II. Common Law Indemnity and Section 82.002
Under Texas law, sellers of defective products may be held strictly liable for resulting injuries. Uniroyal
Goodrich Tire Co. v. Martinez, 977 S.W.2d 328, 334–35 (Tex. 1998) (citing McKisson v. Sales Affiliates, Inc., 416
S.W.2d 787, 788–89 (Tex. 1967)). Sellers are therefore often named as defendants in products liability suits
regardless of any allegation of wrongdoing. As a result, undisputedly innocent sellers frequently must dedicate
tremendous resources to defending allegedly defective products they did not manufacture or alter but merely
passed on to consumers. See Jeffrey Nolan Diamant, Comment, Texas Senate Bill 4: Product Liability Legislation
Analyzed, 31 Hous.
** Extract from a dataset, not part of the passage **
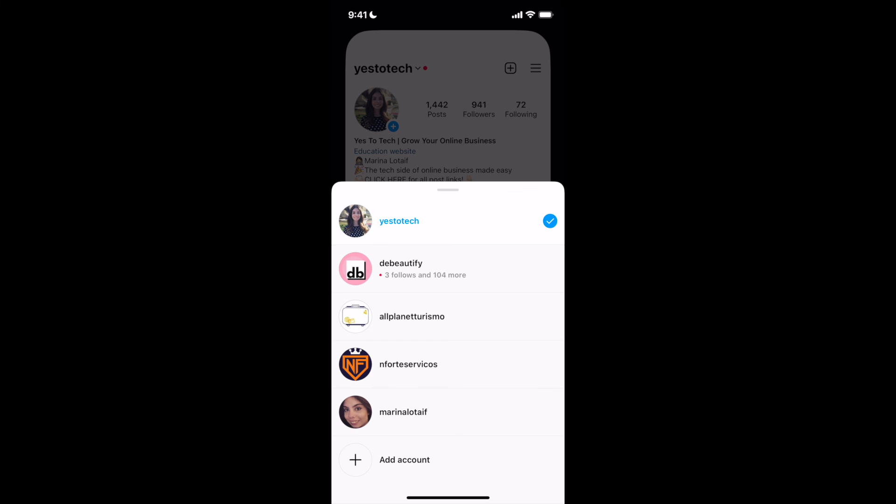As you can see over here, you can add up to 5 Instagram accounts at any given time. All right.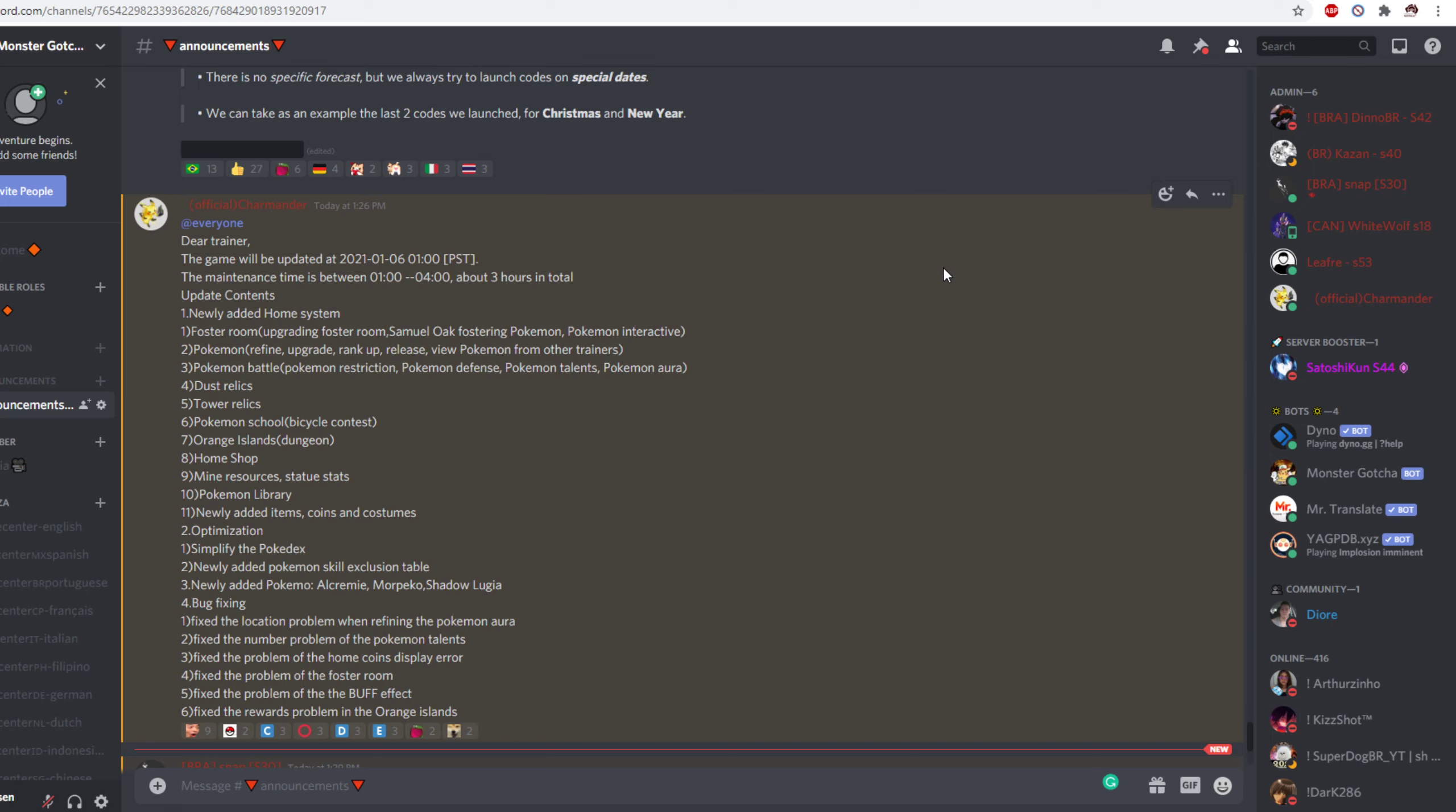Newly added items, coins and costumes. I'm not sure what they mean by items. I'm hoping it's held items and maybe power stones. That could be nice just to add a little bit more variety.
L. Rev. 921, 930 (1994).
Under the common law, sellers were only entitled to indemnification from the manufacturer for damages if the
manufacturer was found to be liable. See Humana Hosp. Corp. v. Am. Med. Sys., Inc., 785 S.W.2d 144, 145 (Tex.
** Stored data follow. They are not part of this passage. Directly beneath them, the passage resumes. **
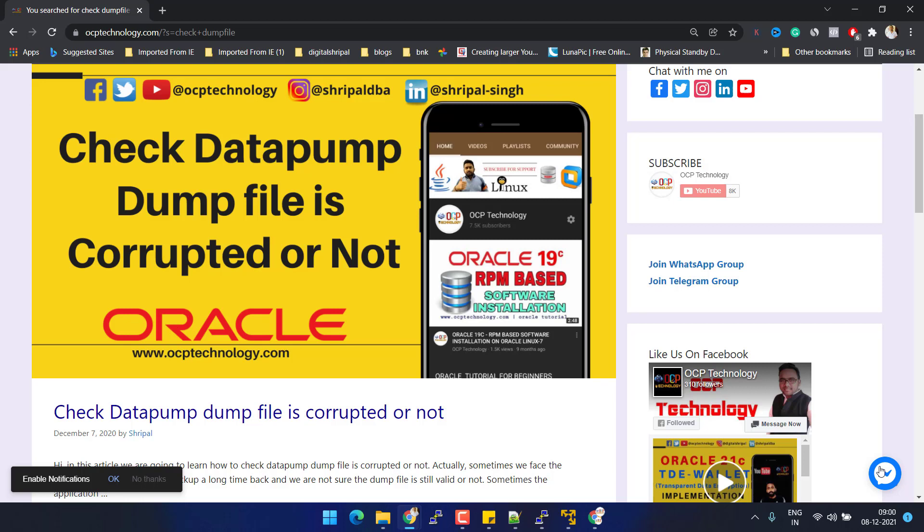Hello guys, welcome back to Gnosis Technology. My name is Sripal and today we are going to learn how to check if a dump file is corrupted or not. Without wasting your time, let's move to the computer screen and do this practically.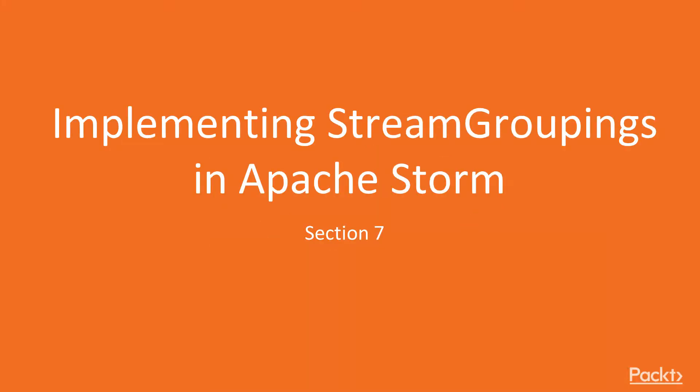Hello everyone and welcome back to section 7, how to implement stream grouping techniques in Apache Storm.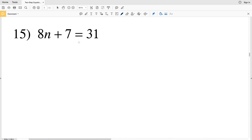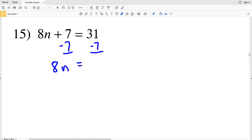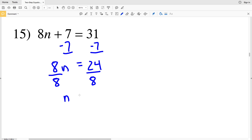For number 15, we have 8n plus 7 equals 31. Subtract 7 from both sides — we'll have 8n plus 0, which is 8n, equal to 31 minus 7, which is 24. Divide both sides by 8 and we're left with n equal to positive 3.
1990). Indemnification for other litigation expenses was unavailable altogether. See Aviation Office of Am., Inc. v.
Alexander & Alexander of Tex., Inc., 751 S.W.2d 179, 180 (Tex. 1988). Thus, when neither the seller nor the
manufacturer was found liable, the seller bore the heavy cost of its defense of the product. In addition to the
requirement that the manufacturer be found liable, a seller’s liability must only have been vicarious, B & B Auto
Supply, Sand Pit & Trucking Co. v. Cent. Freight Lines, Inc., 603 S.W.2d 814, 817 (Tex. 1980), that is, the seller
must not have been independently liable based on its own conduct, Duncan v. Cessna Aircraft Co., 665 S.W.2d
414, 432 (Tex. 1984), and the seller must have been in the chain of distribution, id.
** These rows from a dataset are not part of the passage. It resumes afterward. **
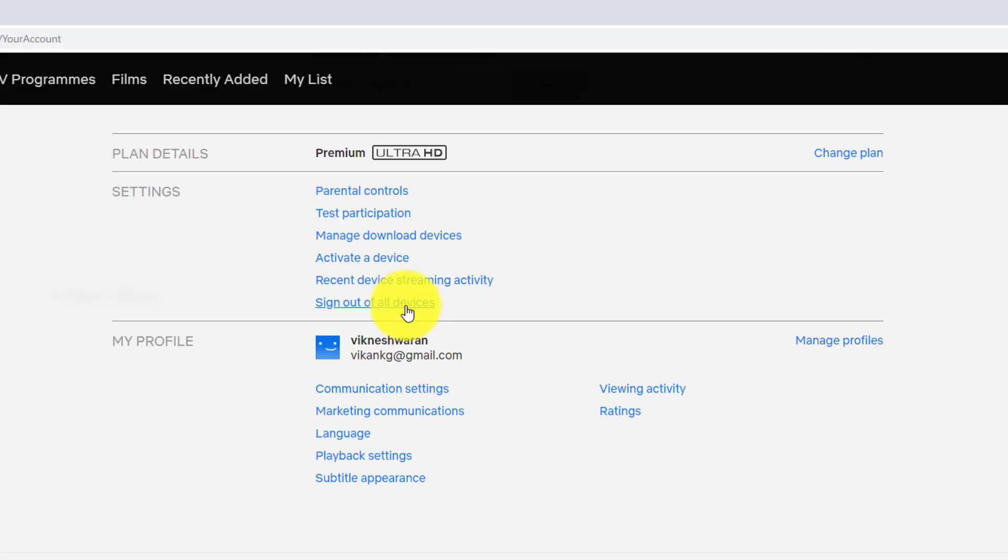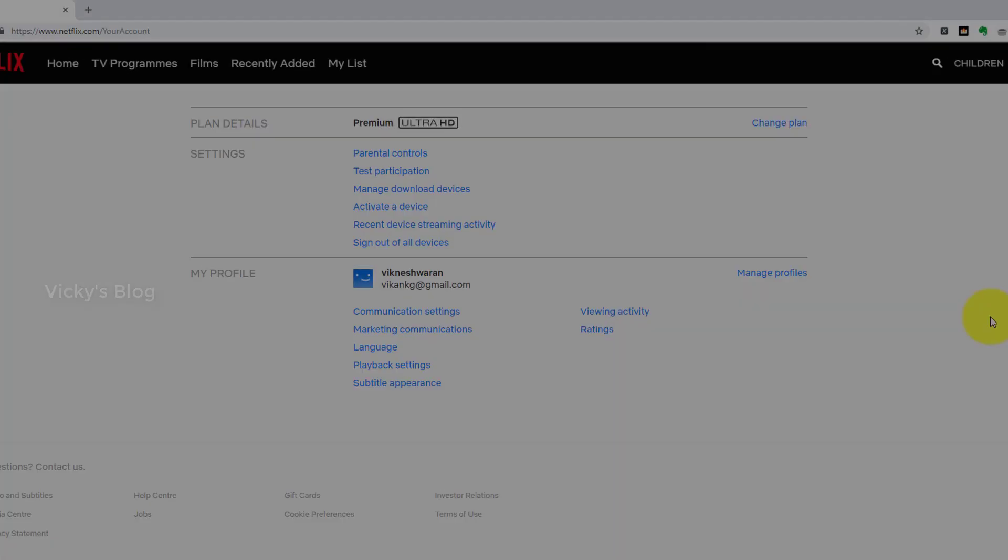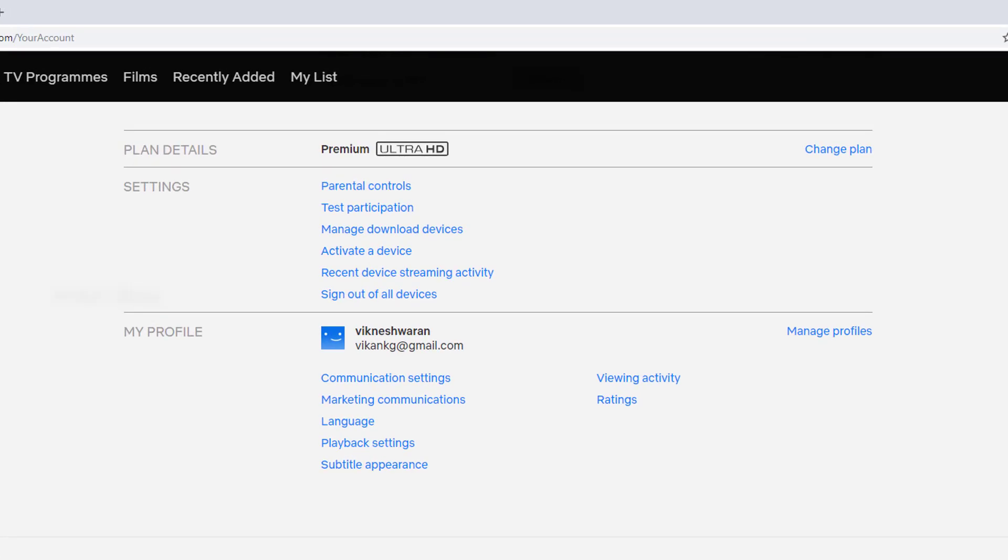If I click this, it will sign out from all other devices, whatever you have added. Because some people might think that someone else is using their account. So if you just want to sign out your Netflix account from all devices, this is the way you can do it.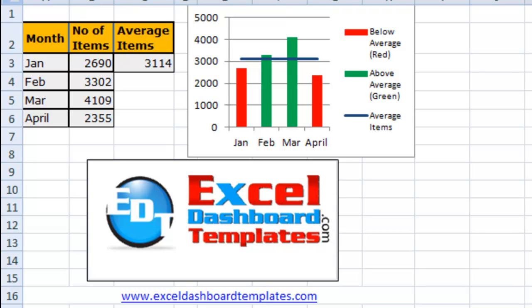Hello and welcome to ExcelDashboardTemplates.com. My name is Steve True and I'm going to show you today how to make conditional column charts.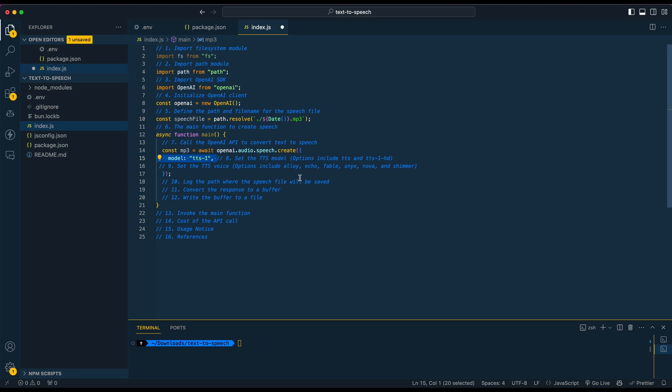There's a couple of model options that you have here. There's the TTS-1, and then there's also the TTS-1-HD. So HD, as you might imagine, that's a higher quality version. It's also twice as expensive as the TTS-1 version.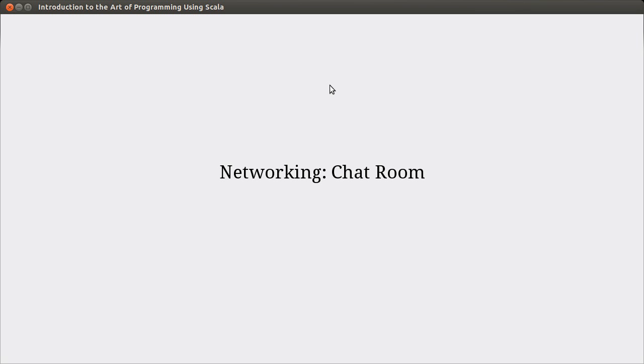Welcome back to the video lecture series for Introduction to the Art of Programming using Scala. In this video, we continue talking about networking, and we want to take our little network program that we wrote last time and turn it into a chat program that will allow multiple users.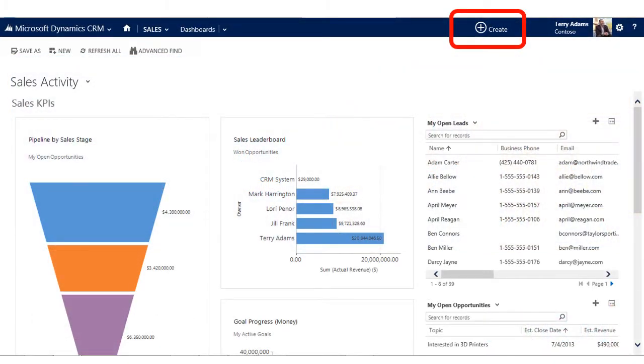Users routinely seek faster and easier ways of managing customer-facing processes. They want to quickly and easily enter information into CRM, assign leads, help resolve customer service cases, or log customer activities like phone calls and appointments.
In 1993, the Legislature sought to remedy the unfairness to innocent product sellers by enacting section
82.002 of the Texas Civil Practice and Remedies Code. This statute completely changed the common law
manufacturer-seller indemnification scheme by shifting the burden of the seller’s litigation costs onto the
manufacturer. See Tex. Civ. Prac. & Rem. Code § 82.002. Now, when neither the seller nor the manufacturer is
found liable, the manufacturer must “indemnify and hold harmless” the seller for all of its litigation expenses,
including attorney’s fees. Id. § 82.002(a), (b). As under the common law, the statute explicitly provides that the
seller loses its right to indemnification if it is found independently liable. Id. § 82.002(a). However, unlike the
common law, the statute requires that the manufacturer indemnify the seller for all litigation expenses “without
regard to the manner in which the action is concluded.” Id. § 82.002(e)(1). We recognized in Fitzgerald that
section 82.002 is intended to protect both sellers and product manufacturers, “[f]irst, [by] ensur[ing] that the
relatively small seller need not fear litigation involving problems that are really not in its control,” and “[s]econd,
[by] establish[ing] uniform rules of liability so that manufacturers could make informed business decisions and
plaintiffs could understand their rights.” Fitzgerald, 996 S.W.2d at 868–69. In easing the requirements for
indemnification, the Legislature “gave preference to sellers with no independent liability.” Id. at 869.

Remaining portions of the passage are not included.